I am a beginner to knime. So, I didn’t know much, so I signed up here. (I am using a translator in a non-English speaking country. Please understand if the English is awkward)
What I want to ask here is, is it possible to insert a variable in the #table# part of the SQL statement, and how to do it if possible?
If you look at the SQL Statement menu in the Database Reader Configuration, it says’Select * from #table#’. I know that if the table name in DB is put in #table#, the selected data goes up in memory.
I want to automatically insert the data read from another Database Reader into #table# without entering it directly in the #table# part.
For example, I want to use Table_name read from All_tables of Oracle as a variable and insert it into #table# part of SQL Statement of Database Reader.
the #table# part is the placeholder for the incoming query and not meant to be replaced by the user. I would suggest to use the variable with the table name in a DB Table Selector node instead. That will automatically produce the "SELECT * FROM ". That can then be followed by other in-database processing nodes such as the DB Row Filter. In the end, you can get your data into KNIME with a DB Reader.
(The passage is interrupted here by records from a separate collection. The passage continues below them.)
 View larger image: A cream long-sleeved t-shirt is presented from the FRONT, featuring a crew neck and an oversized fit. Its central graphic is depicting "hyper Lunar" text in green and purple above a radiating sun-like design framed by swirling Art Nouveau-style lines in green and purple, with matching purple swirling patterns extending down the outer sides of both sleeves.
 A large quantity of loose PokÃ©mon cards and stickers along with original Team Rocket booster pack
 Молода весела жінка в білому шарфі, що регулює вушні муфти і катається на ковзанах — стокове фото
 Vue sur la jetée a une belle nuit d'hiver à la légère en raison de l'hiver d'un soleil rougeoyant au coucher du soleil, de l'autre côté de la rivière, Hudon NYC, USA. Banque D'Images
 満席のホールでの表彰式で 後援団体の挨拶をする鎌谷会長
The last thing I want is to migrate data from Oracle to another DB using Knime. To do this, the work order I thought of is as follows.
Step 1. Obtain all Table_name from All_tables of Oracle DB
Step 2. Using a Loop Node (just like a for or while function), each Table_name is a variable, and when one loop runs from the Database Reader to Select * from [table_name], data from one table is received.
Step 3. Before the loop ends, insert the database writer node and insert the data just received from the reader into an empty table in another DB.
Step 4. Loop continues until all table data is migrated, and when finished, the operation ends with Loop End Node.
For the above work I thought, I want the #table# part of the SQL Statement to change every time the Loop runs with the Table_name received in Step 1 as a variable.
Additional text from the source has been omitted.